Background & Motivation¶

Background: Spatio-temporal forecasting (STF) is a branch of multivariate time series forecasting. Mainstream approaches organize sensors into graphs, using GNNs/Attention to model spatial correlations and RNNs/TCNs for temporal correlations. Evolution ranges from early DCRNN/STGCN with fixed topologies to GraphWaveNet/MTGNN/AGCRN for adaptive adjacency, and recently DSTAGNN/STAEFormer/PatchSTG for dynamic time-varying graphs and attention.

Limitations of Prior Work: As graph scale grows (thousands of sensors), fine-grained full-graph modeling easily learns spurious correlations and is highly sensitive to local noise, missing values, and short-term anomalies. Autoregressive long-range forecasting also suffers from error accumulation.
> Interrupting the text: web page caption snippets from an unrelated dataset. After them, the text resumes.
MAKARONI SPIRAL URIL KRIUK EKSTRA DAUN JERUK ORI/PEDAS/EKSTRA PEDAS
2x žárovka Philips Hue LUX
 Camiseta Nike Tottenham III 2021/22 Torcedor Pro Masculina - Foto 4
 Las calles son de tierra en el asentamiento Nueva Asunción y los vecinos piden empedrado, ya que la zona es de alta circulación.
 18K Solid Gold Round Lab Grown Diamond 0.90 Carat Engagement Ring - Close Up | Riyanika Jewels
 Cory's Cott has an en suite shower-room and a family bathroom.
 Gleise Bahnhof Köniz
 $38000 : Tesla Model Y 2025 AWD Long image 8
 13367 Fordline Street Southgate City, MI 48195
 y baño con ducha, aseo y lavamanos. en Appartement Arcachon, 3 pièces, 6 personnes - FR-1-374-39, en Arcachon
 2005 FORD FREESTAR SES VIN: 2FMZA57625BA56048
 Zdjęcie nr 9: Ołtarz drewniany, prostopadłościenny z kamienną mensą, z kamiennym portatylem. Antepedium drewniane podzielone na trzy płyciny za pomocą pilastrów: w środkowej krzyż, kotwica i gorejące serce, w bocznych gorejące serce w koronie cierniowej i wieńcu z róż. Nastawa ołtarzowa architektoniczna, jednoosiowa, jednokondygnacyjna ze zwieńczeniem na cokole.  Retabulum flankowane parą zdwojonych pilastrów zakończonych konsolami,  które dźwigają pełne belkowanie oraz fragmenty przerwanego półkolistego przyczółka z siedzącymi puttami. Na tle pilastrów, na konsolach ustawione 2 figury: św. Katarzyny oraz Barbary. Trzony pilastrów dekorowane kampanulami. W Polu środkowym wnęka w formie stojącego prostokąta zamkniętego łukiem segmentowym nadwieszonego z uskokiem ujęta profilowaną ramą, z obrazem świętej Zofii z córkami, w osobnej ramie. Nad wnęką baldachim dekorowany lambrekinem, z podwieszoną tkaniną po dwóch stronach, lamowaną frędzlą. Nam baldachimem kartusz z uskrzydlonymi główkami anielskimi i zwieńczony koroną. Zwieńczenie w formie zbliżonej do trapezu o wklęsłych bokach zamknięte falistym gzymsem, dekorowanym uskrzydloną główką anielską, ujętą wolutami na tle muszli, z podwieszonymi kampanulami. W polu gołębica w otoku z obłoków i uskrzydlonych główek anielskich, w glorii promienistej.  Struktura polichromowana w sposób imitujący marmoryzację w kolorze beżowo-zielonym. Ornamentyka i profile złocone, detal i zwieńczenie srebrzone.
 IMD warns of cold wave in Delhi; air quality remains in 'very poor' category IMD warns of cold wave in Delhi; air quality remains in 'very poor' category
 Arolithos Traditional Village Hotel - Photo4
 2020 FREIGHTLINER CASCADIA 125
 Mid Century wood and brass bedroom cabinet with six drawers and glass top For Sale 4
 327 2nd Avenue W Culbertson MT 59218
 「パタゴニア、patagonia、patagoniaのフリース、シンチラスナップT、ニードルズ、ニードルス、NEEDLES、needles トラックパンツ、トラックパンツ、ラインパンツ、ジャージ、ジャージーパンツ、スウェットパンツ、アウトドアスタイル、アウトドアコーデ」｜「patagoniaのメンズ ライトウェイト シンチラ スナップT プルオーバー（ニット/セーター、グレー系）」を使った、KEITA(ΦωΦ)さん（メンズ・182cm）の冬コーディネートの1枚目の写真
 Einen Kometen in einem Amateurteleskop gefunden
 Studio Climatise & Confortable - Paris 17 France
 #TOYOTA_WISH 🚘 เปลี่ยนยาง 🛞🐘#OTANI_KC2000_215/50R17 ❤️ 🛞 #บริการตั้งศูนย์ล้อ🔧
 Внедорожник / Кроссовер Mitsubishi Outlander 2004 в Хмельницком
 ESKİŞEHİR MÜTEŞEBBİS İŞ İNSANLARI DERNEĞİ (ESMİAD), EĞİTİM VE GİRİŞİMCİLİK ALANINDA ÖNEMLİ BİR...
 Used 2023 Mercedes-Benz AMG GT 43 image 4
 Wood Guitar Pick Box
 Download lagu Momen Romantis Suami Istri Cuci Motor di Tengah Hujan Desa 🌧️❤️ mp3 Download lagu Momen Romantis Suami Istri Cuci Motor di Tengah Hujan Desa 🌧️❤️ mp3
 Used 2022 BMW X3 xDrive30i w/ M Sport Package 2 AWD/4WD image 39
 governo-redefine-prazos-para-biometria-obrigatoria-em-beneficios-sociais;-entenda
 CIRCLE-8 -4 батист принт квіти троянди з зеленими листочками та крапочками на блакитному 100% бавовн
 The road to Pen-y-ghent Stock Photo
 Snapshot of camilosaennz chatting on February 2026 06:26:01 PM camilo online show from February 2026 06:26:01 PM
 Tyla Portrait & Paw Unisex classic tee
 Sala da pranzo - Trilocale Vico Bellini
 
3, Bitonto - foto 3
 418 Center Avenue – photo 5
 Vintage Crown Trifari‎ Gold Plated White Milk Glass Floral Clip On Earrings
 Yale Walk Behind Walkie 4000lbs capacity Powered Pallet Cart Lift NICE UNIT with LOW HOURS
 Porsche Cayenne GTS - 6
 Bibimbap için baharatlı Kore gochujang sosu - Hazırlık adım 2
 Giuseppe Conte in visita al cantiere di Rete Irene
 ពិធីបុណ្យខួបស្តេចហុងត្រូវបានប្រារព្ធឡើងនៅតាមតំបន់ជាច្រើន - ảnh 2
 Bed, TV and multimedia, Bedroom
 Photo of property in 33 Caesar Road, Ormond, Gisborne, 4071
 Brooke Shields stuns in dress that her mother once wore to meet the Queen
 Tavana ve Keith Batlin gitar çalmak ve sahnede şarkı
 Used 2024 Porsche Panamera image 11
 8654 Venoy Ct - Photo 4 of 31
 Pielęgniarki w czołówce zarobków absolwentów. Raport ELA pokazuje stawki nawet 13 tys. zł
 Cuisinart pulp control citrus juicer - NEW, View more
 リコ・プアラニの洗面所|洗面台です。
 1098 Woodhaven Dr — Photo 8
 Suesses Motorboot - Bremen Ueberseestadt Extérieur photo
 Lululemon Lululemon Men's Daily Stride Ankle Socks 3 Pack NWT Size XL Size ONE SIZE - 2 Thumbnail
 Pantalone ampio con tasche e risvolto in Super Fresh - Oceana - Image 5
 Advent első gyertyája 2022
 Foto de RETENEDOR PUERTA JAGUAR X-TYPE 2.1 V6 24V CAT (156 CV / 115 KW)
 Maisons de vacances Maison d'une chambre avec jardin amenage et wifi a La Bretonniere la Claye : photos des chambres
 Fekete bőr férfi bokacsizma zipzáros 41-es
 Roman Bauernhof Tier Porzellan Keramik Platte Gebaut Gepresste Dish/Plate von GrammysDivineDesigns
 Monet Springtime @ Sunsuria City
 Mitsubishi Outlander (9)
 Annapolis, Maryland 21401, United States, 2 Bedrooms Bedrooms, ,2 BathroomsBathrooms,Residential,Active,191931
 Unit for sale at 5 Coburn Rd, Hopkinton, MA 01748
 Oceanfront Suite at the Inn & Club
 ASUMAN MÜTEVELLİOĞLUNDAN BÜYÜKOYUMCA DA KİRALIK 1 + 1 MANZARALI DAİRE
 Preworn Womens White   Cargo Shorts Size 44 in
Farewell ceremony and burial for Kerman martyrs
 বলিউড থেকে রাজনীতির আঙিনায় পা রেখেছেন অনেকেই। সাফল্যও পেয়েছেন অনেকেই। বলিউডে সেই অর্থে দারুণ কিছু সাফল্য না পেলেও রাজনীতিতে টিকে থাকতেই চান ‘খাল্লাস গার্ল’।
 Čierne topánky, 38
Existing hierarchical methods (HGCN, HiSTGNN, HSDGNN, etc.) introduce regional abstractions but treat coarse-grained signals only as historical auxiliary inputs, failing to address how "future uncertainty should be constrained by macro structures."

Key Challenge: Single-scale micro-historical modeling is both inefficient and unstable in high-dimensional noisy scenarios; existing hierarchical frameworks use only historical macro information and fail to provide structural anchors for future trajectories.

Goal: (i) Unsupervisedly construct regional representations consistent with future semantics from raw data; (ii) explicitly use regional-level "future trends" to back-guide node-level predictions; (iii) ensure this guidance remains stable and computationally controllable during autoregressive rollout.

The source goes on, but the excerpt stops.